Wie aus Gera berichtet wird, ist die Arbeit der Nationalen Front des Kreises Stadtroda schwach. Der Vorsitzende befindet sich den ganzen Tag in HO-Gaststätten oder geht spazieren. Das Sekretariat ist stark verschuldet und der Rat des Kreises will diese Schulden sich nicht aufladen. Ähnlich liegen diese Dinge im Kreisausschuss des DRK Eisenberg.
Starke Diskussionen in den Kreisen Gotha, Weimar, Apolda/Erfurt durch Manöverschäden der Sowjetarmee. Schlechte Stimmung bezüglich der deutsch-sowjetischen Freundschaft im Kreis Eberswalde/Frankfurt/Oder. Ursache: Überfall auf einen Postangestellten durch sowjetische Soldaten. Der Postangestellte wurde niedergeschlagen und mit mehreren Messerstichen in das Krankenhaus eingeliefert.
Feindtätigkeit
a) organisierte
Verstärkte Verbreitung von Flugblättern der NTS4 in den Bezirken Erfurt, Potsdam, Leipzig; vereinzelte in den Bezirken Cottbus, Gera, Halle, Rostock, Karl-Marx-Stadt, Dresden, Frankfurt (NTS).
Am 19.10.1953 hatte der D-Zug Magdeburg–Meiningen 16 Minuten Verspätung, da vermutlich durch Jugendliche bei einem Signal auf freier Strecke beide Lampen zertrümmert wurden. Im August 1953 waren ähnliche Wahrnehmungen an der gleichen Signalanlage.
In Erbengrün, Kreis Greiz, verstärkte Tätigkeit der »Zeugen Jehovas«.5 In den Bezirken Erfurt und Dresden bemüht sich die Kirche besonders um die heimgekehrten Kriegsverurteilten aus der SU (Geldspenden und Erholungsaufenthalte).6
An das Elbwerk Mittweida wurde eine anonyme Karte mit der Drohung geschickt: »Bei weiterer Stromabschaltung wird das Werk in die Luft gesprengt.« Im Hydrierwerk Zeitz wurde eine Diesellok stillgelegt. Ursache: Nägel im Öl.

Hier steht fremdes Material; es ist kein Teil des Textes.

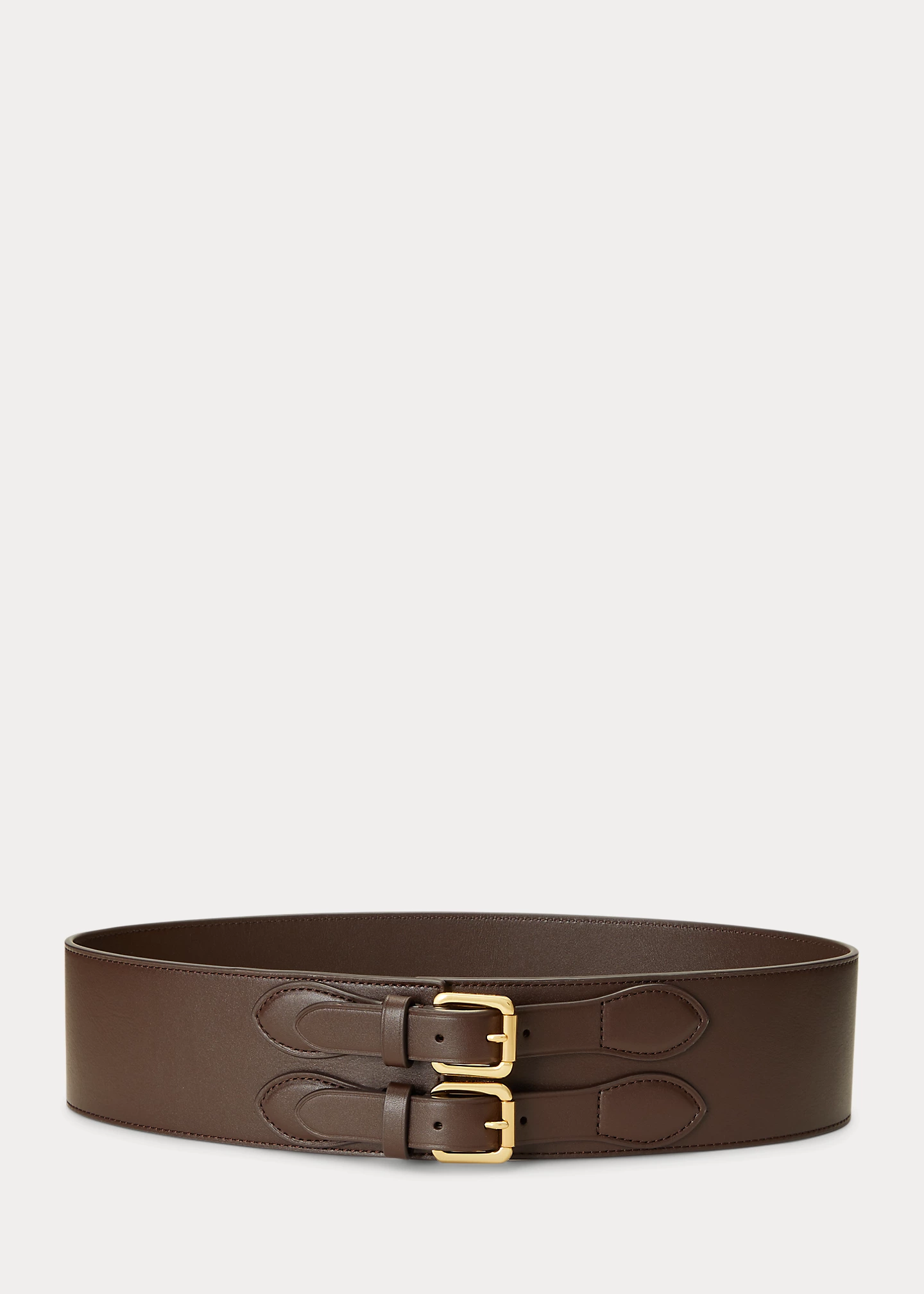 Leather Wide Belt
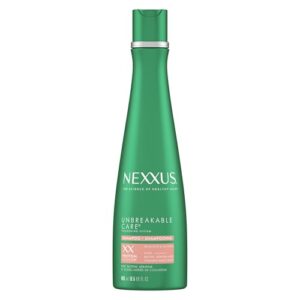 nexxus unbreakable care anti-breakage shampoo with keratin, collagen, biotin for fine and thin hair sulfate free shampoo 13.5 oz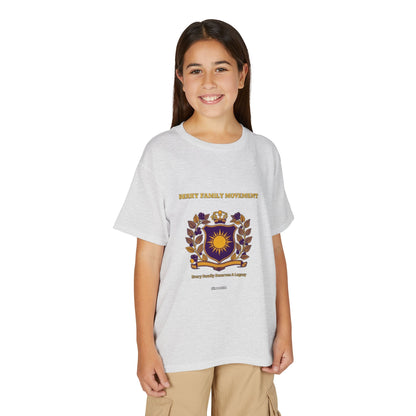Youth Crest T‑Shirt — "Every Family Membership" Gold & Purple Emblem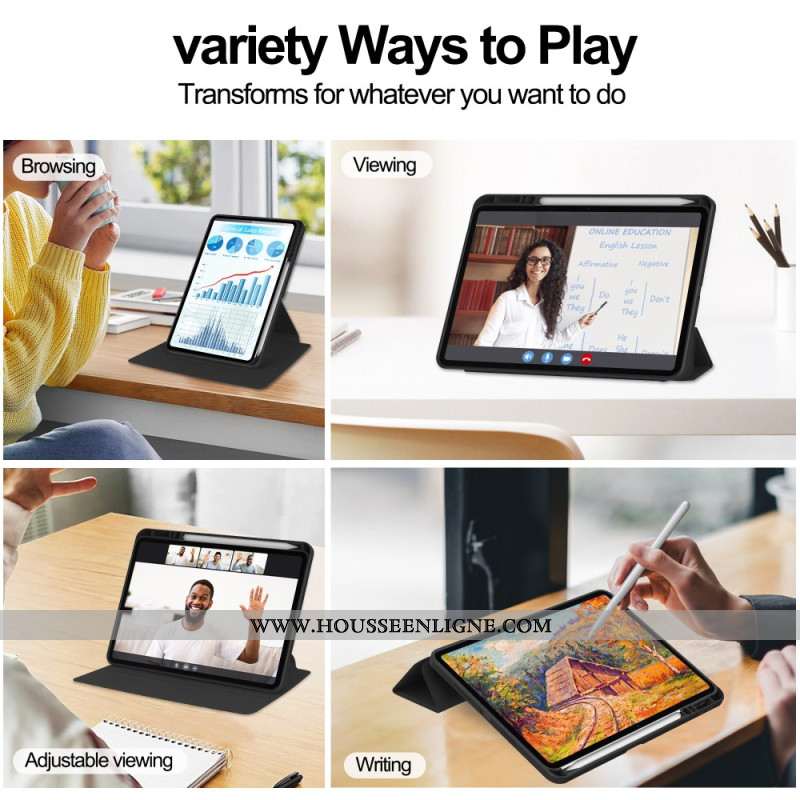 Étui Xiaomi Pad 7 / Pad 7 Pro Effet Cuir avec Support Rotatif à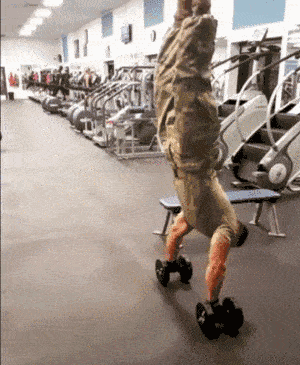 健身|美国大兵变态的肌肉训练，看完大写的服......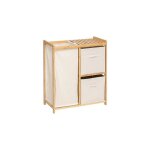 5five simply smart - tagre tidy box 3 paniers marron five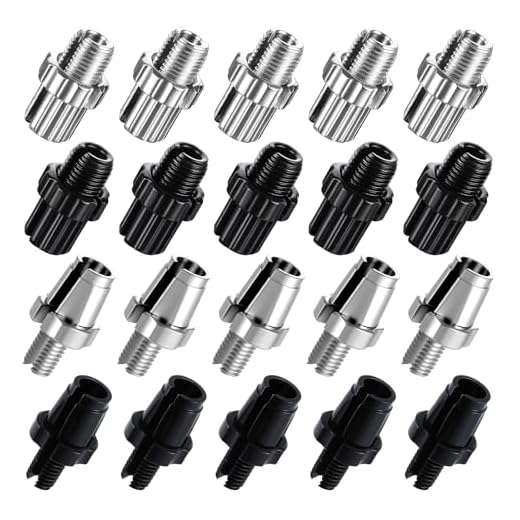 FdcLixuvol 20 Stück Fahrradbremse Einstellschraube M7 M10 Bremshebel Regler Schrauben Aluminiumlegierung Bike Bremszug Stellschraube für Rennrad MTB Mountainbike Fahrrad (Schwarz und Silber)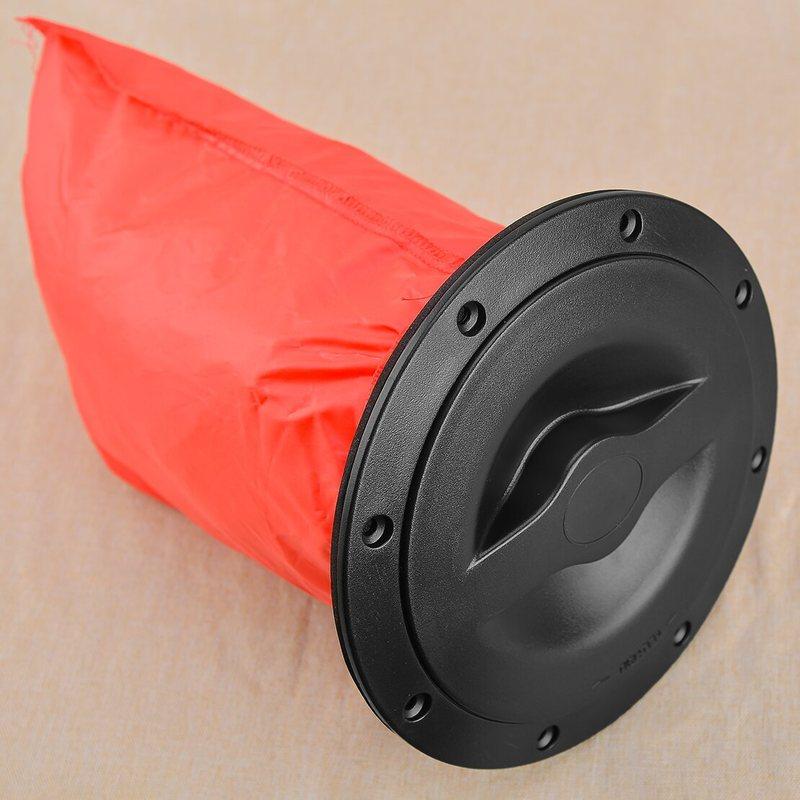 8  Deck Plate Boat Kayak Canoe Hatch Cover with Storage Bag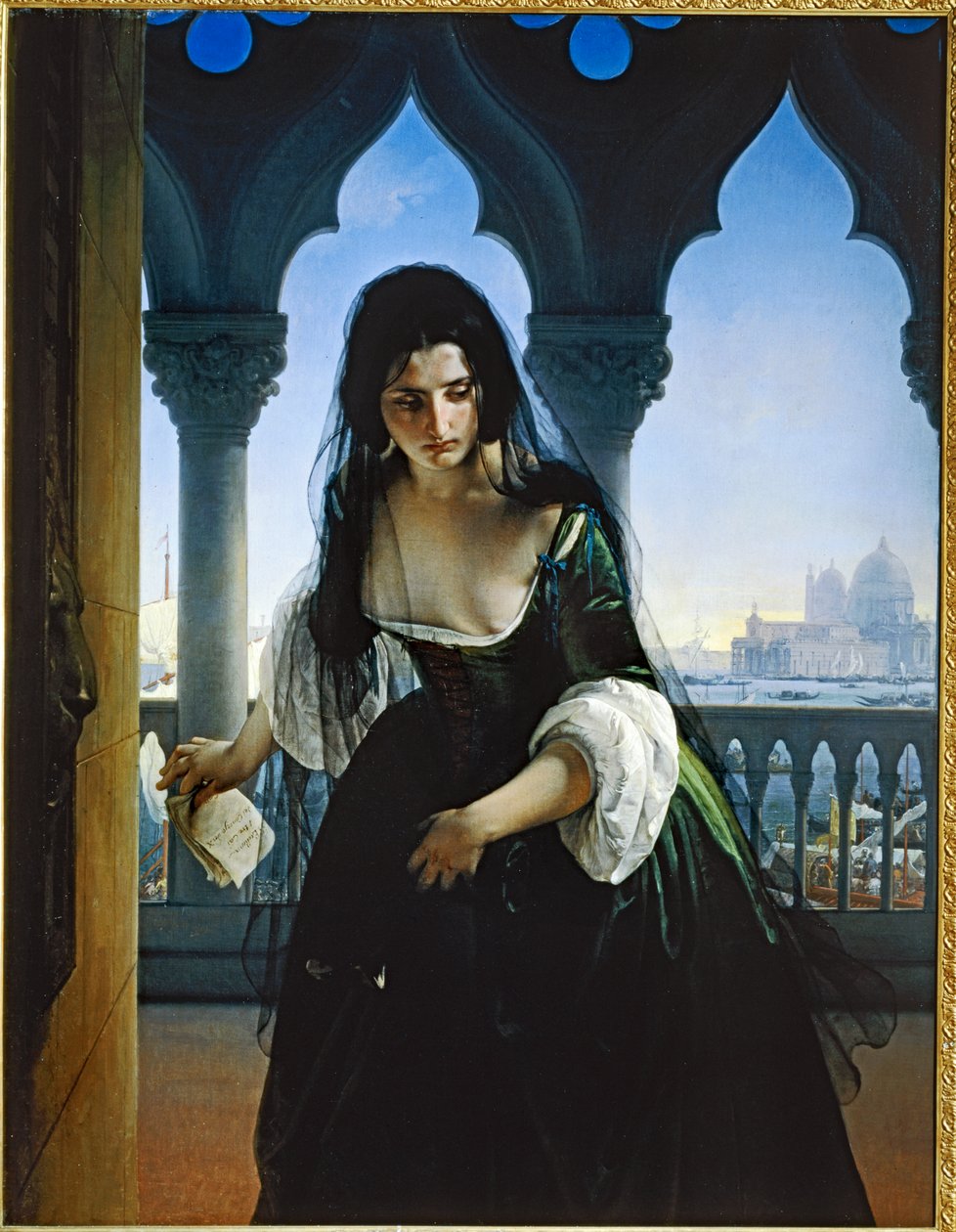 La dénonciation secrète 1847 ... (peinture sur toile) - Francesco Hayez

In Berlin wurden Hetzbroschüren unter dem Titel: »Gute Mutter unserer Kinder« und andere Broschüren mit dem Emblem des FDGB und als Gewerkschaftsaktivzeitschriften getarnt gefunden.
b) vermutlich organisierte
Am 20.10.1953 entstand in den Abendstunden ein Brand im Stall eines Mittelbauern in Lawitz, Kreis Fürstenberg. Der Schaden beläuft sich auf ca. 3 000–4 000 DM. Täter ist bisher unbekannt.

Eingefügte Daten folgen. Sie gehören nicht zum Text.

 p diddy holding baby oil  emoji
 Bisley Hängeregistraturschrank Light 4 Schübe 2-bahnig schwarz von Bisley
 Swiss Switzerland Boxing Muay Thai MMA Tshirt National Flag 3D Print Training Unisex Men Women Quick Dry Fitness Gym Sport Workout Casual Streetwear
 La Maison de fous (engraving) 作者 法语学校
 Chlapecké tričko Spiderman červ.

Einschätzung der Situation
Von der großen Mehrzahl der Arbeiter wird weiterhin die Steuersenkung freudig begrüßt. Das Vertrauen zur Politik der Regierung wächst. Die wenigen gegenteiligen Meinungen kommen meistens aus Kreisen der Bevölkerung die davon keinen direkten Nutzen haben.
Im Gegensatz zum normalen Produktionsablauf in der Mehrzahl der Betriebe, zeigt sich in einer Reihe Betriebe immer wieder, dass die Produktion und der Transport gehemmt werden durch ungenügende Belieferung mit Material, Ersatzteilen und wegen Waggonmangel. Augenblicklich ist die Unzufriedenheit der Bevölkerung am größten über die zum Teil noch umfangreicher werdenden Stromabschaltungen.